▶ _REQUIRED WORK_: The answer must be an exact copy of the lines from the one with "Lecture 2 Fracture healing and complications" to the last line of the entries below, both included, and must contain no pictures.

===== GIVEN DATA

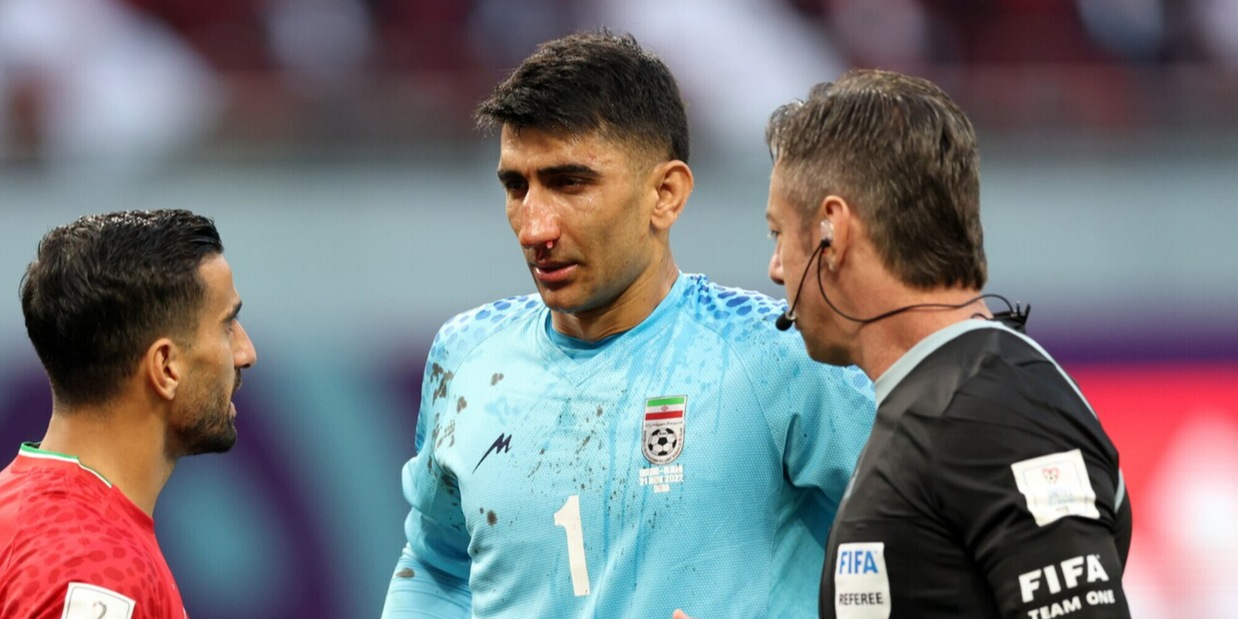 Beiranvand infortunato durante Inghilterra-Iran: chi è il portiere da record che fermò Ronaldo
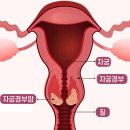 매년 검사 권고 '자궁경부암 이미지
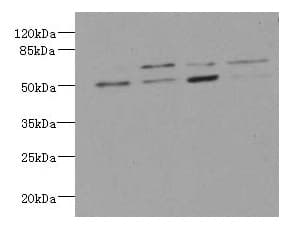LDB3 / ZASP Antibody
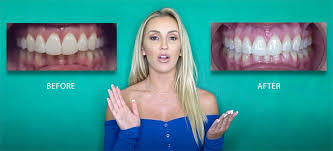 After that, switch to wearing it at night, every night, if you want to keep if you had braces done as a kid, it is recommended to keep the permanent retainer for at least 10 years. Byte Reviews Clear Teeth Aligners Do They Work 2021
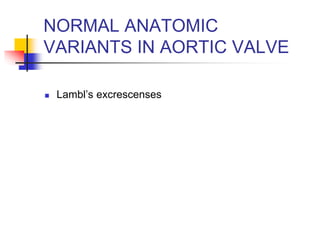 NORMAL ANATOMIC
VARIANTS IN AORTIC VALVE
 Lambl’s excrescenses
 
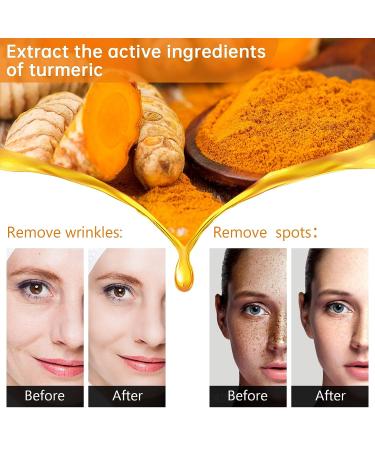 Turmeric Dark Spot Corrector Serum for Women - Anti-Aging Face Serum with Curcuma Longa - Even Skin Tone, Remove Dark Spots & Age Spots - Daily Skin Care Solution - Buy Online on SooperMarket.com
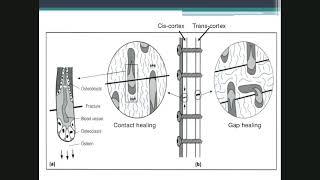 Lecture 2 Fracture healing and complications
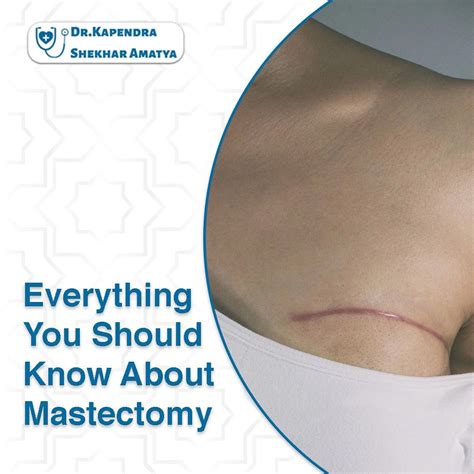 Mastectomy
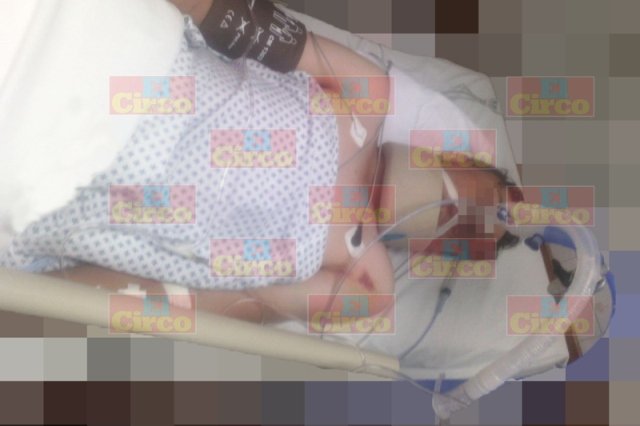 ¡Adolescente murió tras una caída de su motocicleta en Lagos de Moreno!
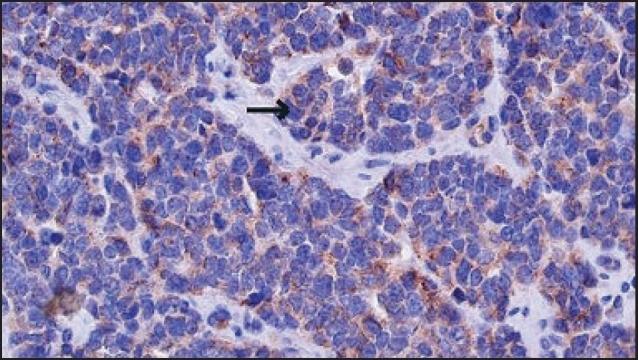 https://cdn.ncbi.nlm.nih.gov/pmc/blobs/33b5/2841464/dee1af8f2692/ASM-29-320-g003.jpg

==========

▶ _RESULT OF THIS EXERCISE_:
 Lecture 2 Fracture healing and complications
 Mastectomy
 ¡Adolescente murió tras una caída de su motocicleta en Lagos de Moreno!
 https://cdn.ncbi.nlm.nih.gov/pmc/blobs/33b5/2841464/dee1af8f2692/ASM-29-320-g003.jpg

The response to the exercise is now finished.